New Program at Hocking College Responds to Growing Need for Skilled Craftwork
Hocking College has recognized the need to prepare and produce individuals who have the skills and abilities to be successful in industries where demand is outpacing workforce supply, like architectural millwork and cabinet making – one of Hocking College’s newest program offerings.
With the rich forests and regional heritage of producing value-added wood products, it was surprising to learn that most of the economic activity related to wood production happens outside of Appalachian Ohio, despite the fact that most of the wood harvested in Ohio comes from Ohio’s Appalachian counties.
ACEnet has operated a shared use-wood center in the Nelsonville Business Center that is expanding to better meet and serve regional woodworkers graduating from Hocking College’s architectural millwork and cabinet making program. New equipment at ACEnet includes a spray booth, re-saw, additional bandsaws, planers, jointers, table saws, and other implements that graduates of Hocking College are certified to use prior to graduation. This has ACEnet set-up to receive entrepreneurial graduates from Hocking College into an incubator space designed to dovetail with the instruction and machine-use experience that is provided through Hocking College.
ACEnet believes in working with entrepreneurs in a way that enables their businesses to grow profit, so through acquiring the capital intensive equipment and locating it in the shared-use space, we are working to decrease economic barriers to woodworking entrepreneurs.
According to the U.S. Bureau of Labor and Statistics, overall employment in the craft and fine artists sector is projected to grow 14 percent from 2020 to 2030, faster than the average for all occupations. The Cabinetmaking and Architectural Millwork program at Hocking College, currently finishing up its inaugural year, is poised to help fill that growing need. This two-year intensive program will provide its students with hands-on learning in design, construction and installation of commercial and residential interior architectural woodwork.

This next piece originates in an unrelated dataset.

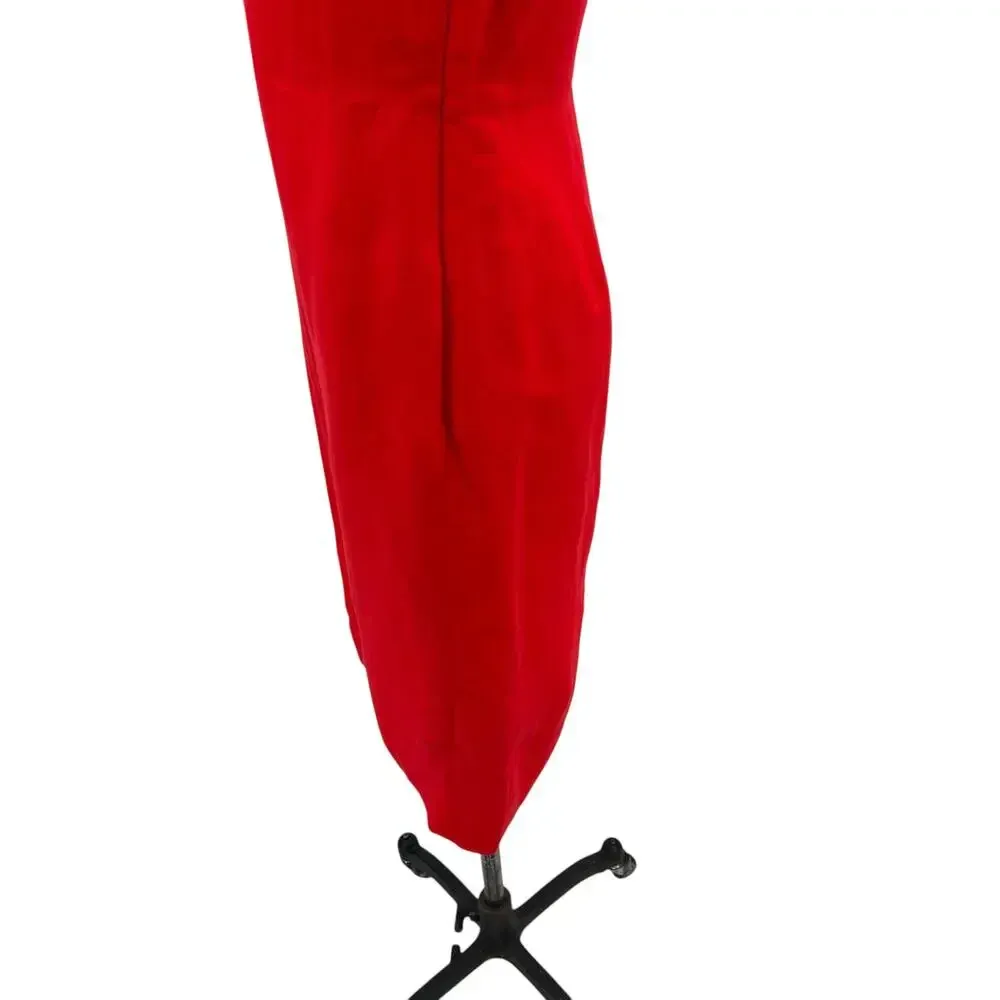 Abercrombie and Fitch Dress Sheath Tie Off the Shoulder Linen Blend Red Size 4‎ - Image 10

According to program manager Chris Hedges, “The potential for a program like the cabinet making program at Hocking College is huge. When students exit this program, they will have learned all of the foundational technical skills needed to work in a cabinet shop, as either an employee or owner. One of the components of the program will be an entrepreneurial component.”
The wood lab is impressive– equipped with state-of-the-art machinery and a range of industry-standard machinery like table saws, shapers and moulders and traditional hand tools such as saws and hand planes. Students also use technology to learn drafting and CNC (Computer Numerical Control) programs.

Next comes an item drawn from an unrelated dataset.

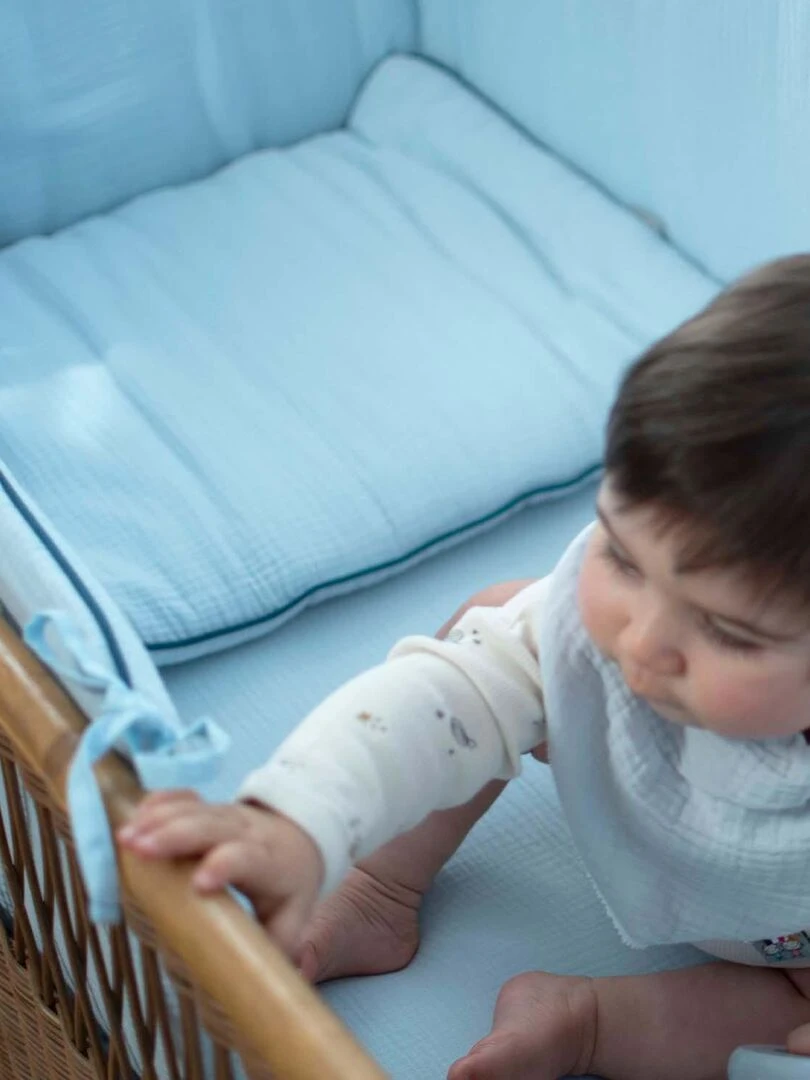 Oreiller plat en gaze de coton  Jeanne   Marron clair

Hedges’ resume is equally impressive. Though he didn’t start his career woodworking, he is highly decorated in the field, twice winning Best in Show at the Master Woodworkers Show.
“I grew up in a house full of antiques and those antiques were made by my Grandpappy, so it kind of hooked me on this idea that you could make things that left a lasting impression on people long past the point when you were alive. Before my daughter was born, I first took action on that thought. I decided I wanted to make her something that she could pass on to her family at some point in the future,” he said.
Teaching Sociology at the time for Ohio University, he started spending most of his time in his shop. “There were probably too many nights where I called and said, ‘Hey, I’m sick. And I can’t come to class.’ What I was doing was discovering that I had a passion for woodworking,” Hedges said.
He decided to pursue that passion and focus on woodworking full-time. His training began with a two-year program at The University of Rio Grande’s Fine Furniture Program. For the next decade or so, he ran a successful business and continued to be highly recognized and decorated in the field.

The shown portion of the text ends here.